## [Information shown]
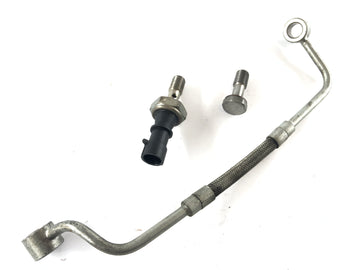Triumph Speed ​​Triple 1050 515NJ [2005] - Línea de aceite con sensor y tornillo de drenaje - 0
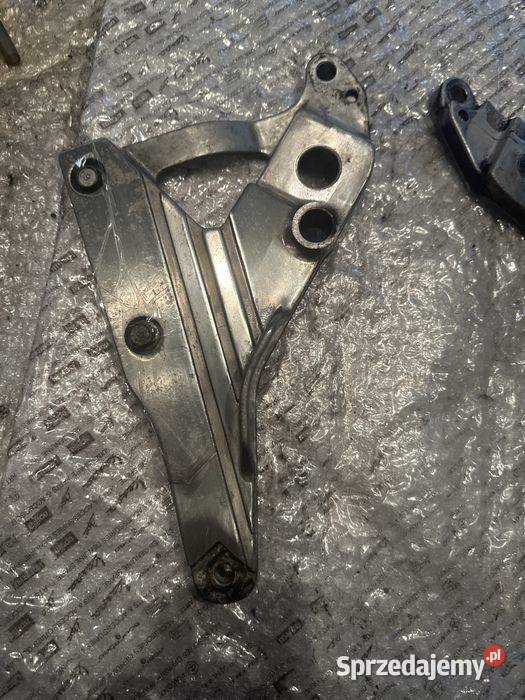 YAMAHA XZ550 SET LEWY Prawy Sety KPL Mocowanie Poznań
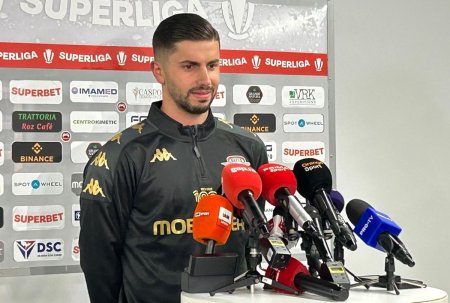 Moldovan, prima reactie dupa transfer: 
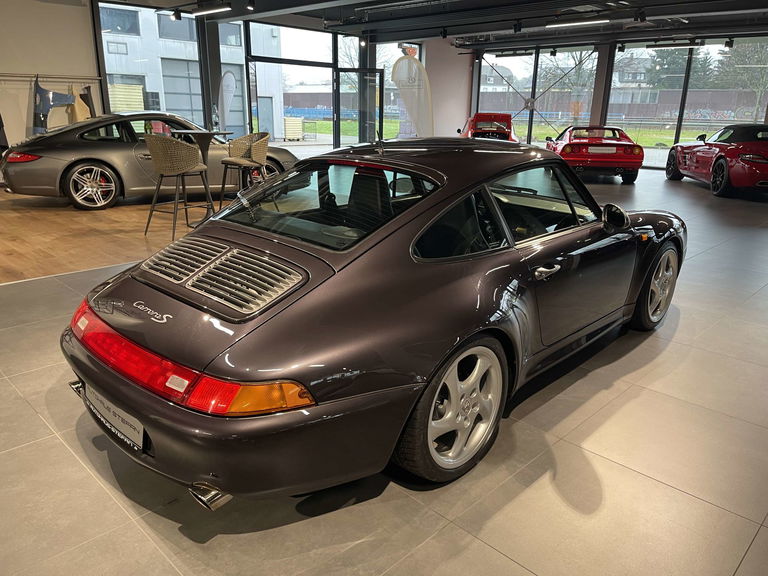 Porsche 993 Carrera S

## [Brief]
Repeat the listing word for word, and skip every picture it contains.

## [Answer for this exercise]
Triumph Speed ​​Triple 1050 515NJ [2005] - Línea de aceite con sensor y tornillo de drenaje - 0
 YAMAHA XZ550 SET LEWY Prawy Sety KPL Mocowanie Poznań
 Moldovan, prima reactie dupa transfer: 
 Porsche 993 Carrera S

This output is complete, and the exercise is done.